THE Meteorological Service of Jamaica is forecasting that the drought that parts of the island have been experiencing could continue into the January to April dry season of 2015.

Director of the Meteorological Service, Jeffrey Spooner says statistics for January to June 2014 this year show that the island received 33 per cent of its normal rainfall, and that if the prolonged dry weather condition persists, it is possible that the country may not have any significant rainfall until May 2015.

"The southern parishes of St Elizabeth, Manchester, Clarendon, St Catherine, Kingston and St Andrew, and the North eastern parishes of Portland and St Mary were the hardest hit," he informed.

Based on data from June and July, Spooner projected that "the figures will be extreme to severe drought, especially for southern parishes and in particular St Elizabeth, Manchester, Clarendon, St Catherine, and St Thomas".

Additionally, he said rainfall from August through to October 2014 is expected to be below normal. "What we need to bear in mind is October/November is normally our major rainfall- producing season. If this projection for below normal rainfall should (obtain), we, especially in southern St Elizabeth , need to start looking at contingencies," he stated.

Spooner told JIS News that globally, temperatures in May were the hottest since 1880, whilst the average temperature worldwide in June registered 1.3 degrees Fahrenheit. This was higher than any month of June since the 1800s.

Data from the Office of Disaster Preparedness and Emergency Management (ODPEM), chronicles Jamaica's drought history indicating that the island has experienced worse.

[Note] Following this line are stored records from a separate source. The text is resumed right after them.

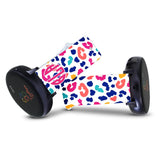 Personalized Spring Leopard 20mm Watch Band with Monogram for Samsung, Garmin and Others
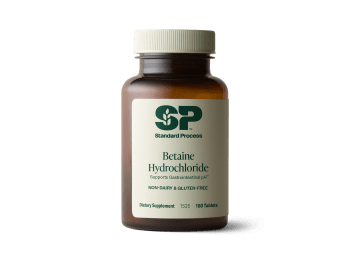 Betaine Hydrochloride product packaging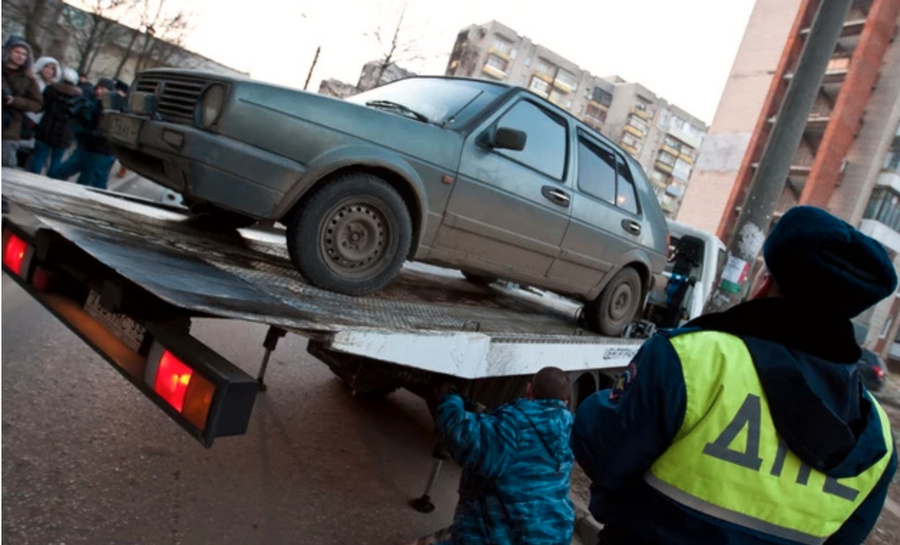 Иллюстрация к новости об угоне автомобиля в Муроме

In 1876 the northern parishes experienced severe drought conditions, which almost devastated that year's sugar production. The records show that from January to July 1928, and the latter part of that year, parishes along the south coast — St Andrew, St Elizabeth, Manchester, Clarendon, and St Catherine — were hardest hit by drought.

Harsh economic conditions resulting from the Great Depression of 1929 coincided with one of the most severe droughts to hit Jamaica. The southern sections of Manchester, all of Clarendon and St Catherine, St Elizabeth, Kingston and St Andrew, which were then the primary sugar cane, banana and coffee-producing areas, were devastated by what historians recorded as "a great famine". This led to the much documented civil unrest in the 1930s.

Severe drought conditions swept across the island again in the year of Jamaica's independence — 1962 — then in 1975, 1997, and most recently in the long dry spell of 2010.

Acting executive director of the ODPEM Richard Thompson recently reported that the National Drought Response Programme was fully activated on July 31 by the Drought Committee set up by the Ministry of Water, Land, Environment and Climate Change. This opened the way for the committee to set in motion drought-counteracting measures in affected parishes islandwide.

Full activation of the National Drought Response Programme is determined when six or more parishes are experiencing drought conditions as defined by the committee's member agencies — ODPEM, Rural Agricultural Development Agency (RADA), and the Meteorological Office.